Stored data entries

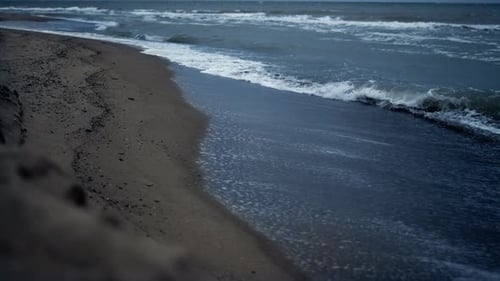 Stormy Beach Waves Crashing on Shore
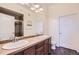 Bathroom featuring double sinks, a large mirror, and a tiled shower with a glass door at 10111 Inverness Main St # 228, Englewood, CO 80112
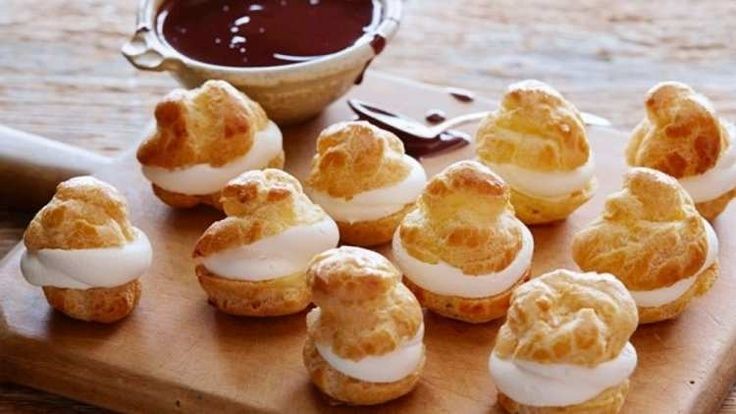 Chocolate-Soaked Cream Puffs for a Luxurious Touch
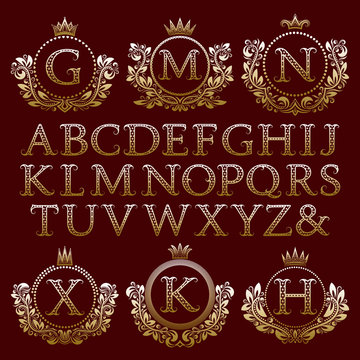 Vintage monogram kit. Starry gold letters and floral coat of arms frames for creating initial logo in antique style.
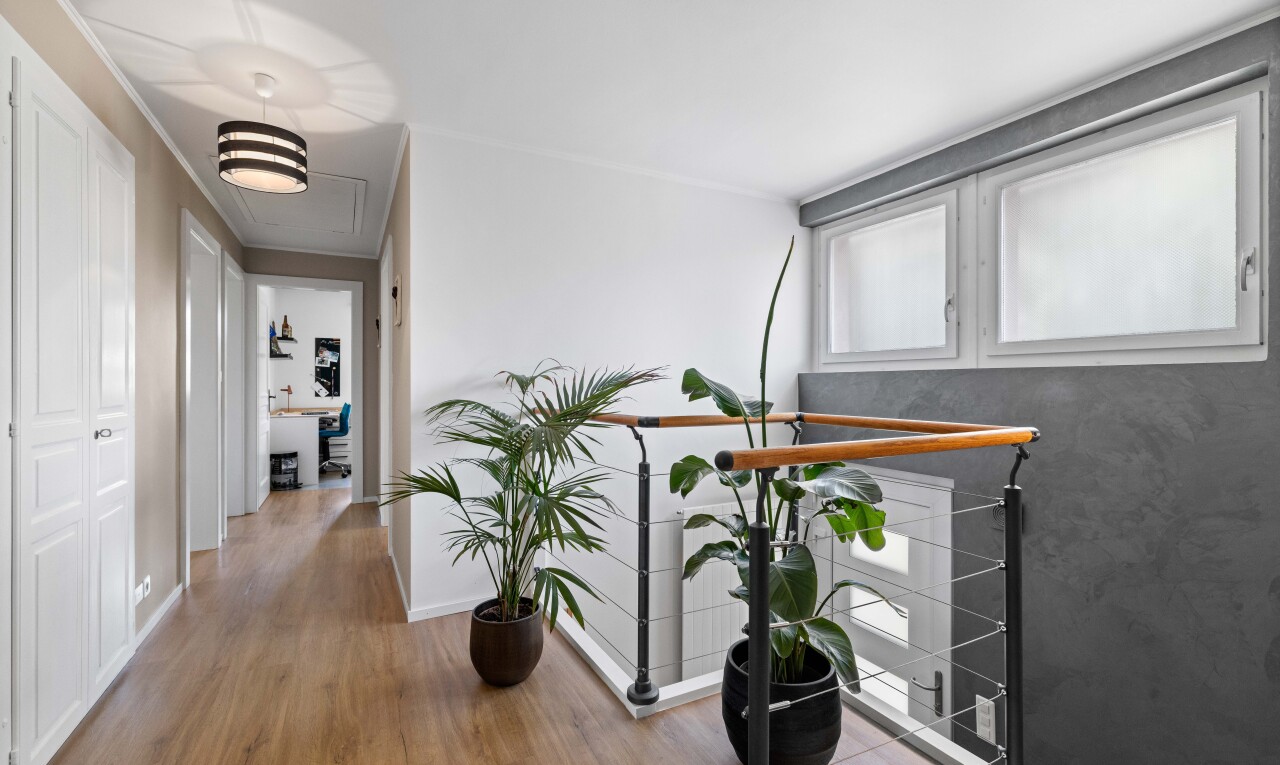 couloir avec sol en finition bois, wood finish floor, inside property, lumière naturelle, et natural light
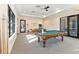 Bright game room features two well-lit billiard tables, perfect for entertaining guests and recreation at 8224 Simpson Falls Ct # 8224, Sarasota, FL 34243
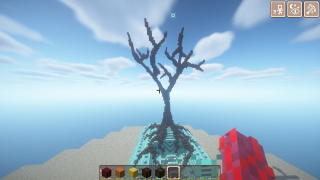 bare tree on an ocean monument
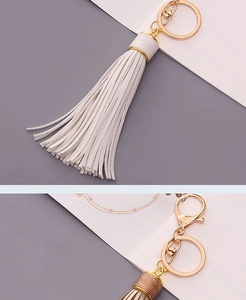Detail of white and camel leather tassel keychains with golden lobster clasps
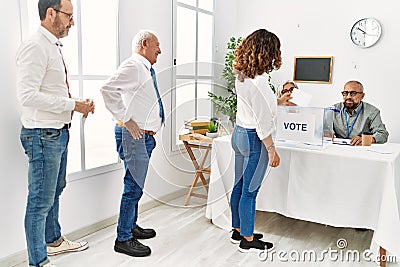 Group of middle age voter people putting vote in ballot standing at electoral center Stock Photo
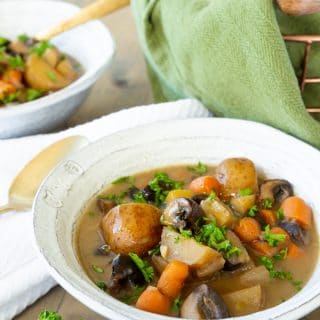 Two bowls of vegan beef stew in white bowls with sprigs of parsley and a copper wire bread basket with a green towel and bread in the background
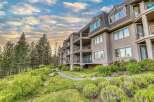 Experience luxury living in this stunning multi-story condo complex nestled amidst lush greenery and towering pine trees.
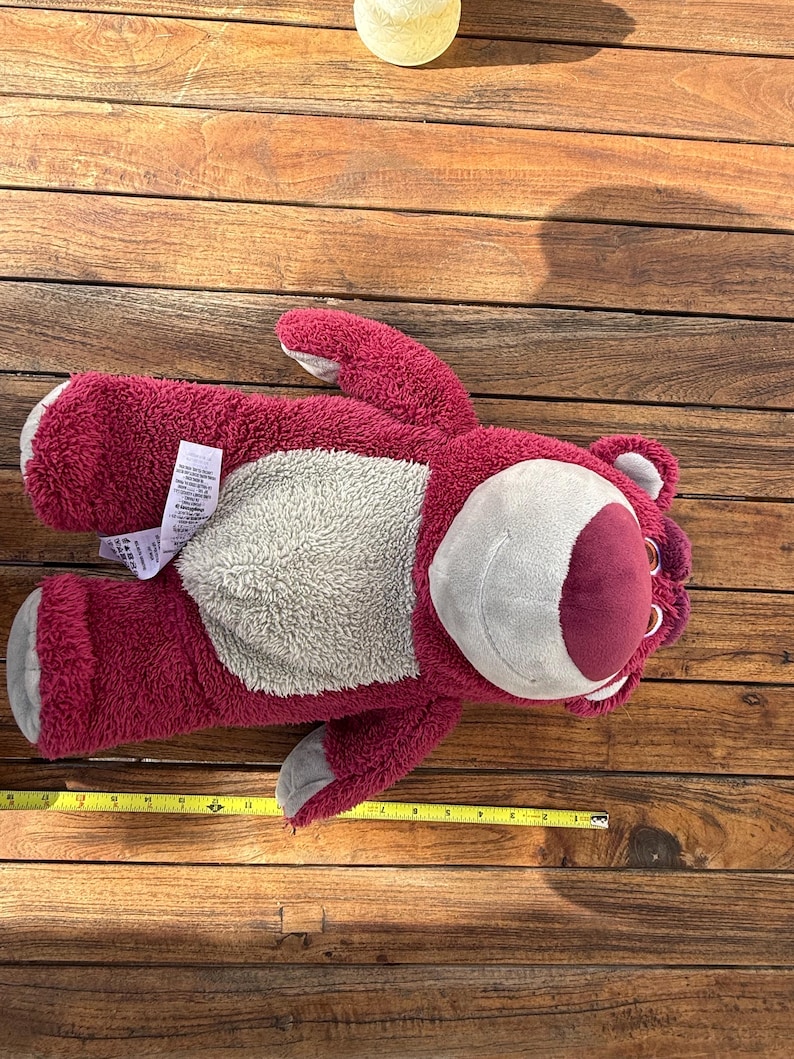May include: A plush, red teddy bear with a gray belly and a smiling face. The bear has a measurement tape next to it, showing its length. The toy is lying on a wooden surface.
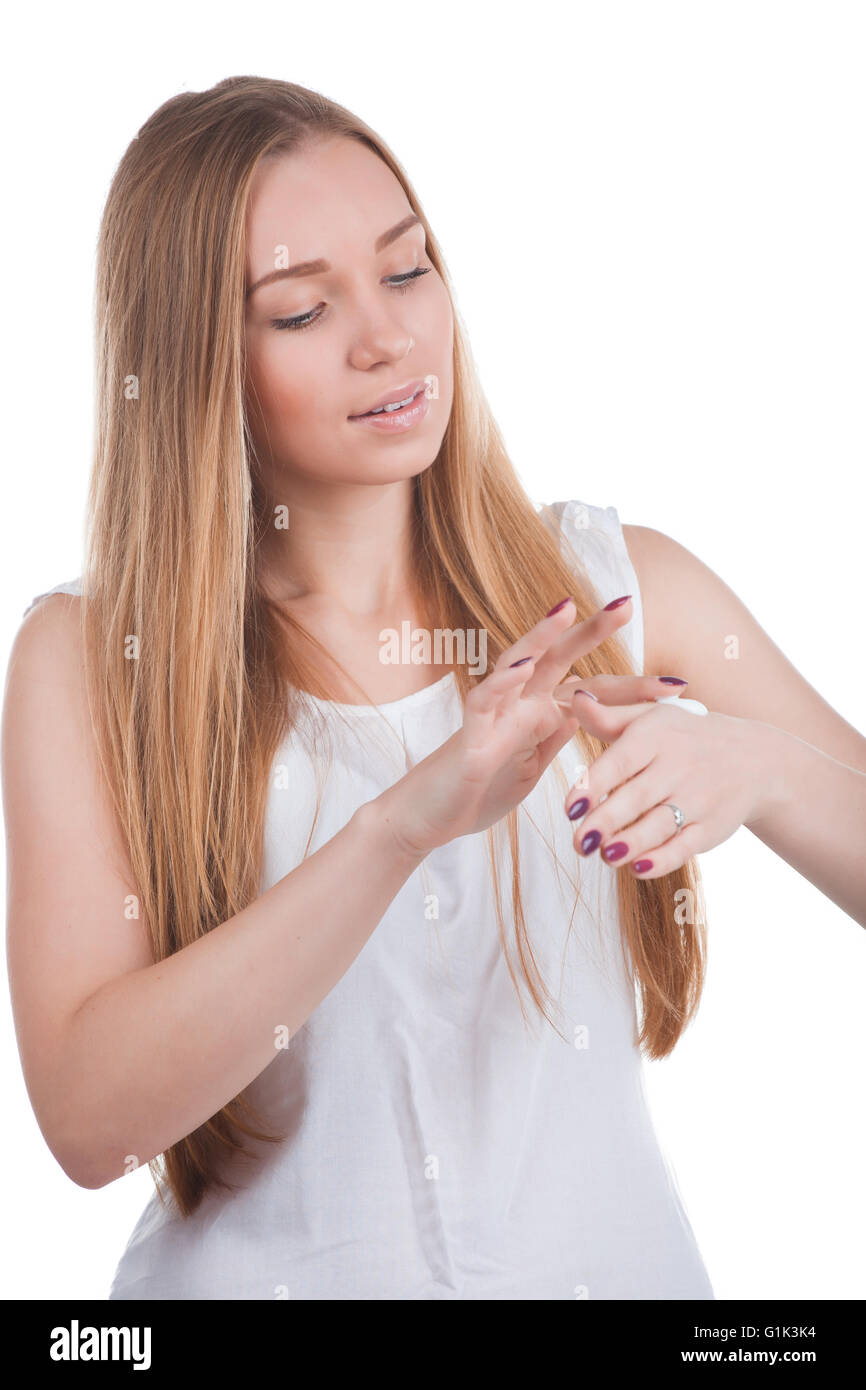 Woman applies cream on hands Stock Photo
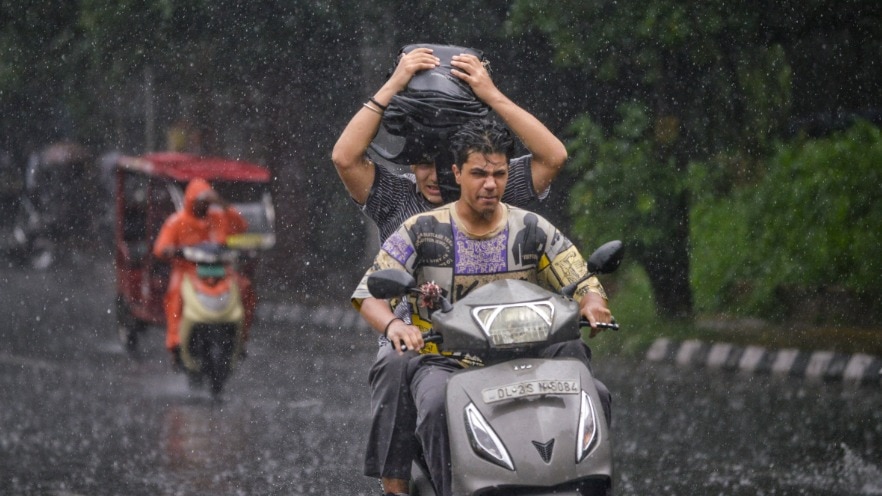 Commuters during rainfall, in New Delhi (PTI File Photo)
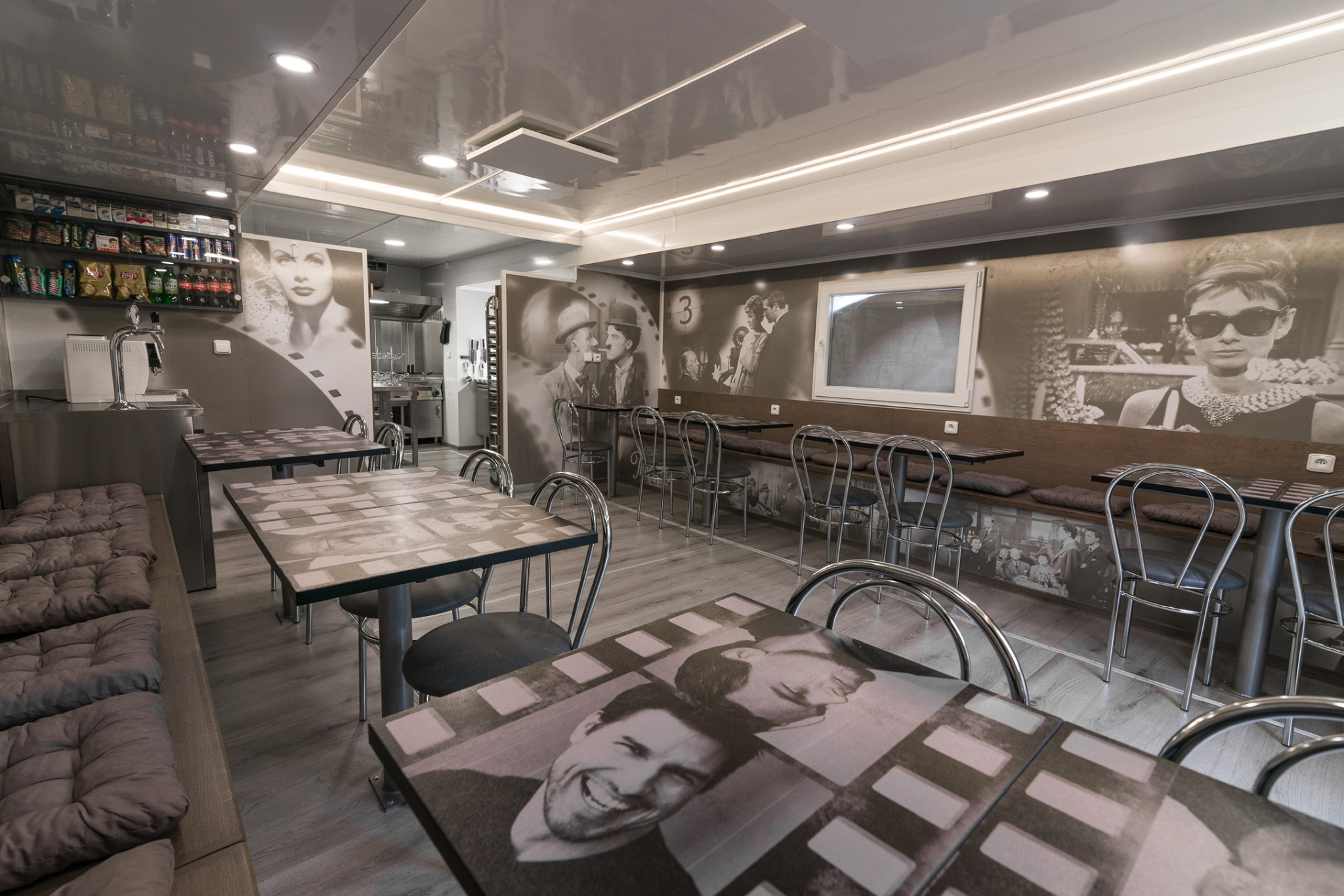 The completed catering truck interior — film collages on walls, tables and benches.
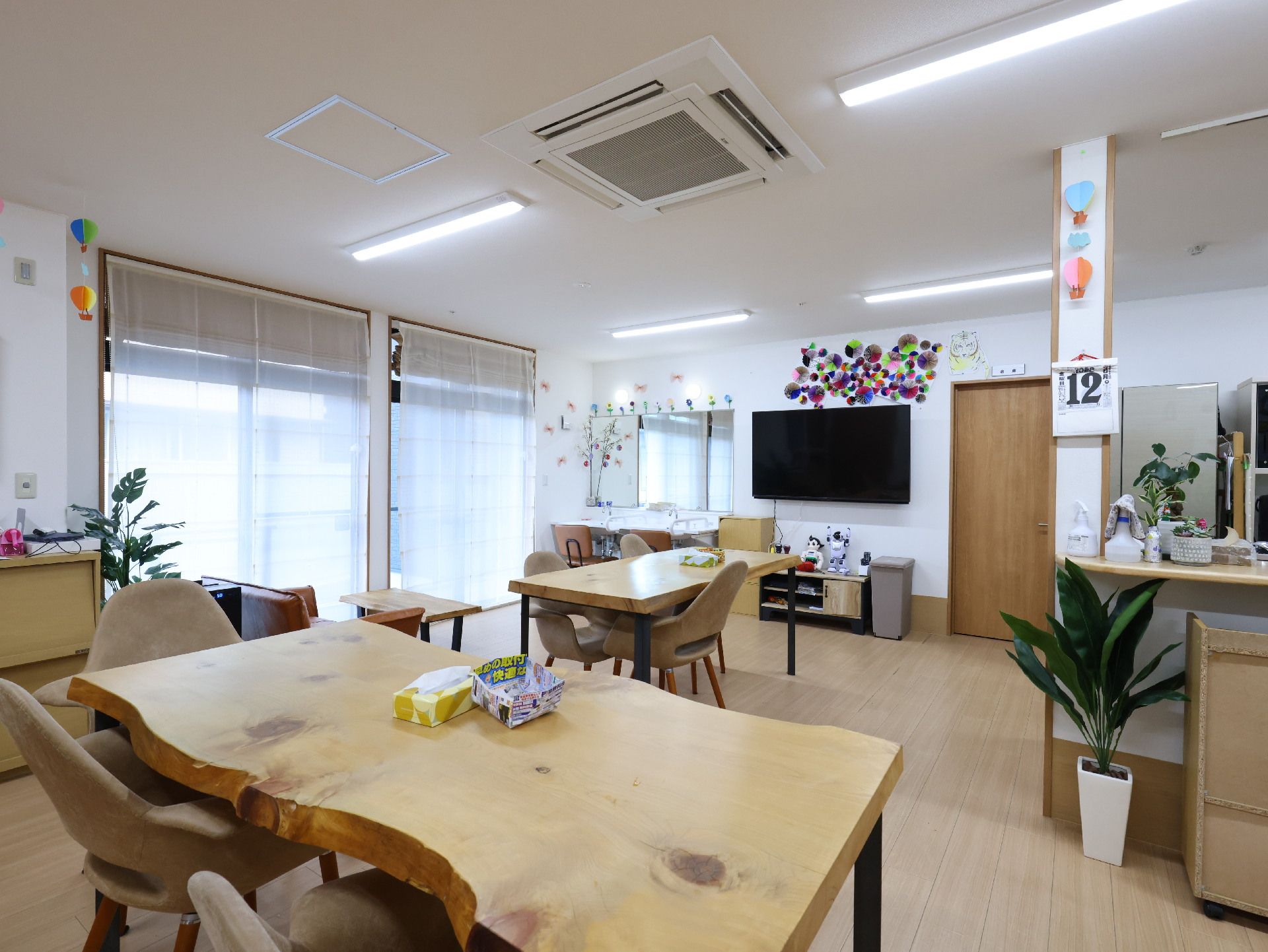木製の机が置かれた白い壁の広間
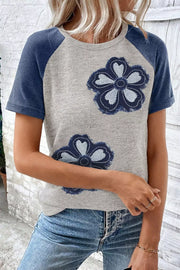 Gray t-shirt with blue raglan sleeves and two denim floral appliques.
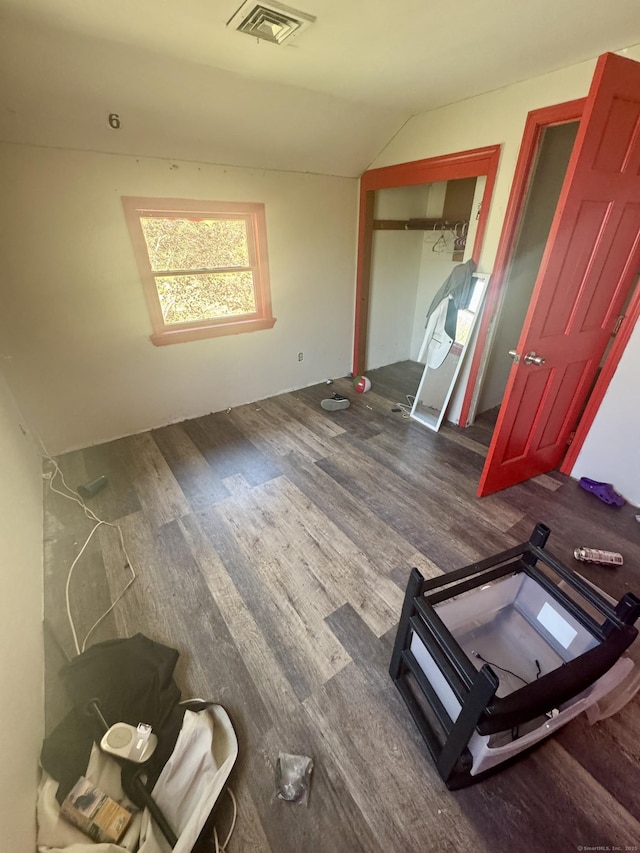 unfurnished bedroom with vaulted ceiling, visible vents, and dark wood finished floors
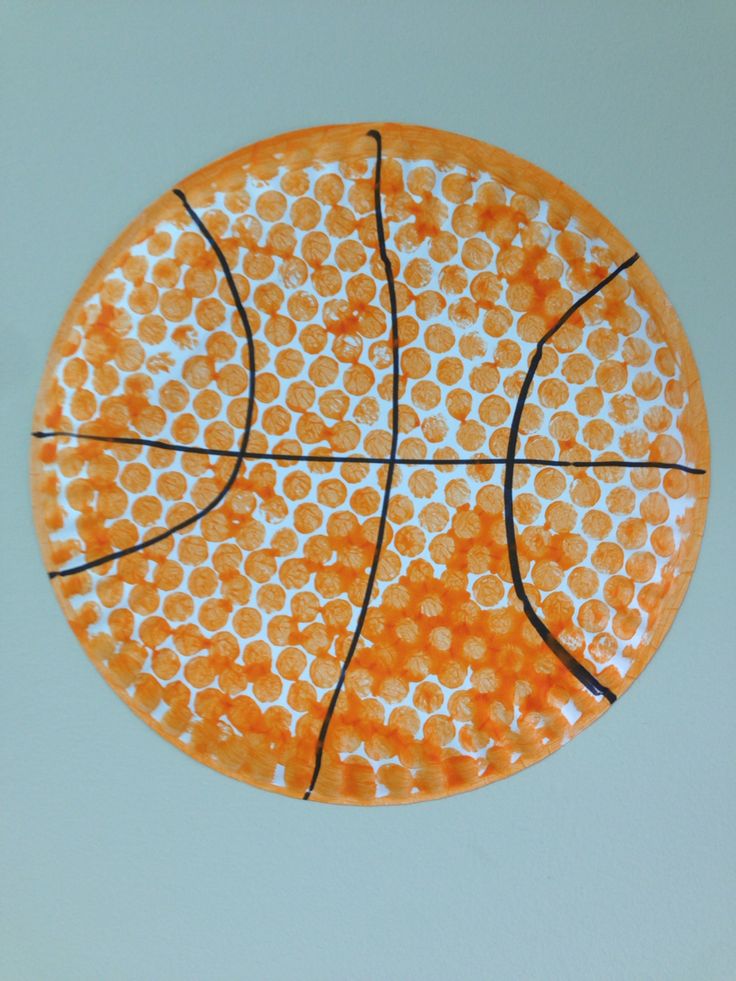 an orange and white plate with a basketball painted on the side, hanging from a wall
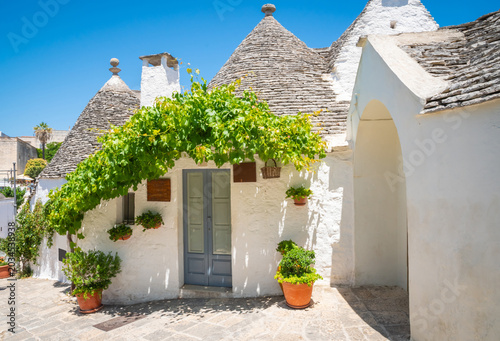 Beautiful old stone trulli houses with conical roofs in Alberobello, Puglia, Italy.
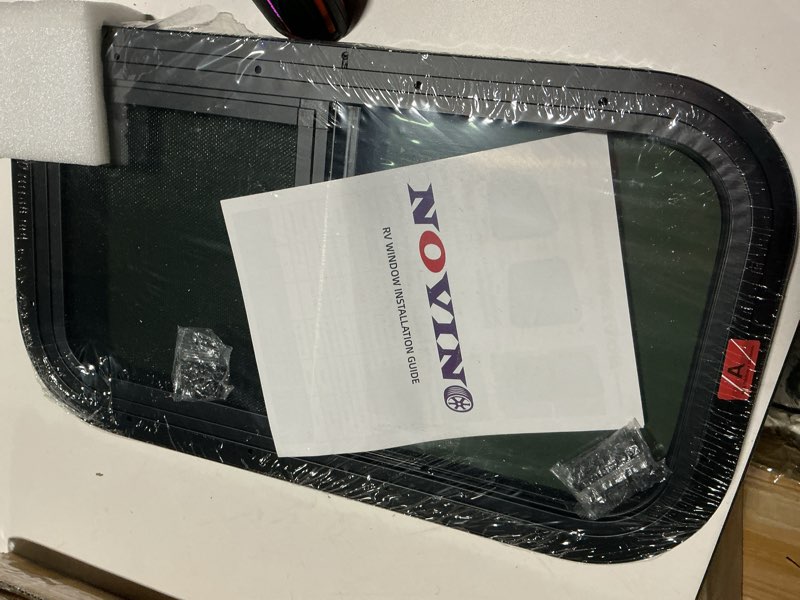 Condition photo showing Good Condition for vertical rv window, 12" w x 22" h tinted sliding rv window with net screen and trim ring, suitable for 15/16" or 1-3/8" and slightly thicker up to 1/16" walls, dot approved 12x22in 1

What you should do: Print every line above once more, exactly. Omit the pictures.

Answer box:
 Stormy Beach Waves Crashing on Shore
 Bathroom featuring double sinks, a large mirror, and a tiled shower with a glass door at 10111 Inverness Main St # 228, Englewood, CO 80112
 Chocolate-Soaked Cream Puffs for a Luxurious Touch
 Vintage monogram kit. Starry gold letters and floral coat of arms frames for creating initial logo in antique style.
 couloir avec sol en finition bois, wood finish floor, inside property, lumière naturelle, et natural light
 Bright game room features two well-lit billiard tables, perfect for entertaining guests and recreation at 8224 Simpson Falls Ct # 8224, Sarasota, FL 34243
 bare tree on an ocean monument
Detail of white and camel leather tassel keychains with golden lobster clasps
 Group of middle age voter people putting vote in ballot standing at electoral center Stock Photo
 Two bowls of vegan beef stew in white bowls with sprigs of parsley and a copper wire bread basket with a green towel and bread in the background
 Experience luxury living in this stunning multi-story condo complex nestled amidst lush greenery and towering pine trees.
May include: A plush, red teddy bear with a gray belly and a smiling face. The bear has a measurement tape next to it, showing its length. The toy is lying on a wooden surface.
 Woman applies cream on hands Stock Photo
 Commuters during rainfall, in New Delhi (PTI File Photo)
 The completed catering truck interior — film collages on walls, tables and benches.
木製の机が置かれた白い壁の広間
 Gray t-shirt with blue raglan sleeves and two denim floral appliques.
 unfurnished bedroom with vaulted ceiling, visible vents, and dark wood finished floors
 an orange and white plate with a basketball painted on the side, hanging from a wall
 Beautiful old stone trulli houses with conical roofs in Alberobello, Puglia, Italy.
 Condition photo showing Good Condition for vertical rv window, 12" w x 22" h tinted sliding rv window with net screen and trim ring, suitable for 15/16" or 1-3/8" and slightly thicker up to 1/16" walls, dot approved 12x22in 1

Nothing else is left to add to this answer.